LOAD TABLE statement

Description

Imports data into a database table from an external ASCII-format file.

Syntax

LOAD [ INTO ] TABLE [ owner ].table-name
... ( load-specification [, ...] )
... FROM { 'filename-string' | filename-variable } [, ...]
... [ CHECK CONSTRAINTS { ON | OFF } IGNORE CONSTRAINTconstrainttype[, ...] ]
... QUOTES OFF
... ESCAPES OFF
... [ FORMAT { 'ascii' | 'binary' } ]
... [ DELIMITED BY 'string' ]
... [ STRIP { ON | OFF } ]
... [ WITH CHECKPOINT { ON | OFF } ]
... [ { BLOCK FACTOR number | BLOCK SIZE number } ]
... [ BYTE ORDER { NATIVE | HIGH | LOW } ]
... [ LIMIT number-of-rows ]
... [ NOTIFY number-of-rows ]
... [ ON FILE ERROR { ROLLBACK | FINISH | CONTINUE} ]
... [ PREVIEW { ON | OFF } ]
... [ ROW DELIMITED BY 'delimiter-string' ]
... [ SKIP number-of-rows ]
... [ START ROW ID number ]
... [ UNLOAD FORMAT ]
... [ IGNORE CONSTRAINT constrainttype [, ...] ]
... [ MESSAGE LOGstringROW LOGstring’ [ ONLY LOG logwhat [, ...] ]
... [ LOG DELIMITED BYstring’ ]

Parameters

load-specification:

{ column-name [ column-spec ] | FILLER ( filler-type ) }

column-spec:

{ ASCII ( input-width ) | BINARY [ WITH NULL BYTE ] | PREFIX { 1 | 2 | 4 } | 'delimiter-string' | DATE ( input-date-format ) | DATETIME ( input-datetime-format ) } [ NULL ( { BLANKS | ZEROS | 'literal', ... } ) ]

filler-type:

{ input-width | PREFIX { 1 | 2 | 4 } | 'delimiter-string' }

constrainttype:

{ CHECK integer | UNIQUE integer | NULL integer | FOREIGN KEY integer | DATA VALUE integer | ALL integer }

logwhat:

{ CHECK | ALL | NULL | UNIQUE | DATA VALUE | FOREIGN KEY }

Examples

Example 1

LOAD TABLE product
( id   ASCII(6),
FILLER(1),
name   ASCII(15),
FILLER(1),
description   '\x09',
size   ASCII(2),
FILLER(1),
color   '\x09',
quantity   PREFIX 2,
unit_price   PREFIX 2,
FILLER(2) )
FROM 'C:\\mydata\\source1.dmp'
QUOTES OFF
ESCAPES OFF
BYTE ORDER LOW
NOTIFY 1000

Example 2

LOAD TABLE product_new
( id,
name,
description,
size,
color   '\x09'   NULL( 'null', 'none', 'na' ),
quantity   PREFIX 2,
unit_price   PREFIX 2 )
FROM '/s1/mydata/source2.dump', '/s1/mydata/source3.dump'
QUOTES OFF
ESCAPES OFF
BLOCKSIZE 100000
FORMAT ascii
DELIMITED BY '\x09'
ON FILE ERROR CONTINUE
ROW DELIMITED BY '\n'

Usage

The LOAD TABLE statement allows efficient mass insertion into a database table from a file with ASCII or binary data.

The LOAD TABLE options also allow you to control load behavior when integrity constraints are violated and to log information about the violations.

If the WITH CHECKPOINT ON clause is not specified, the file used for loading must be retained in case recovery is required.

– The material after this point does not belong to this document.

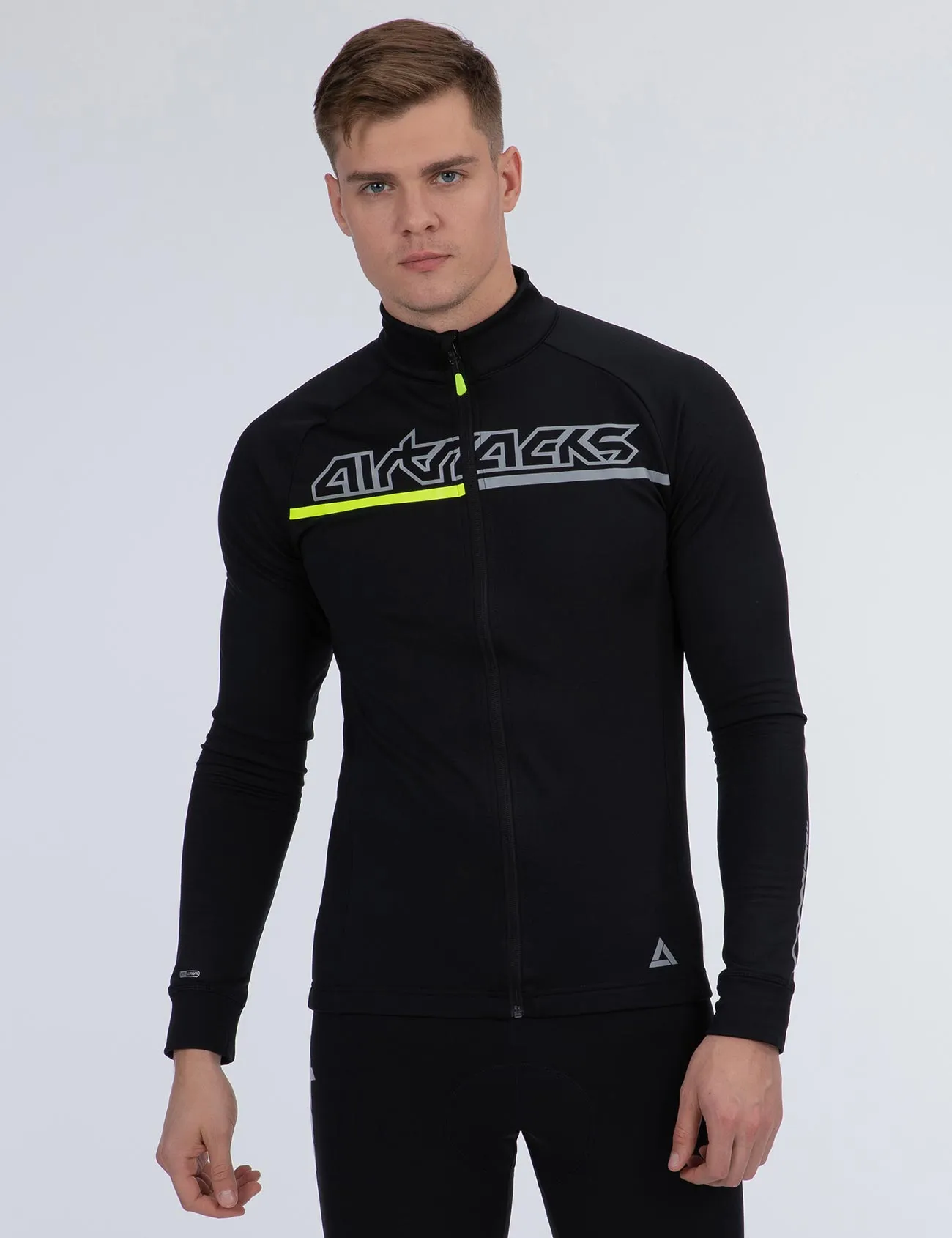 Herren Thermo Fahrradtrikot Langarm Pro Team Schwarz-Neon Setprodukt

If WITH CHECKPOINT ON is specified, a checkpoint is carried out after loading, and recovery is guaranteed even if the data file is then removed from the system.

You can use LOAD TABLE on a temporary table, but the temporary table must have been declared with the ON COMMIT PRESERVE ROWS clause or the next COMMIT will remove the rows you've loaded.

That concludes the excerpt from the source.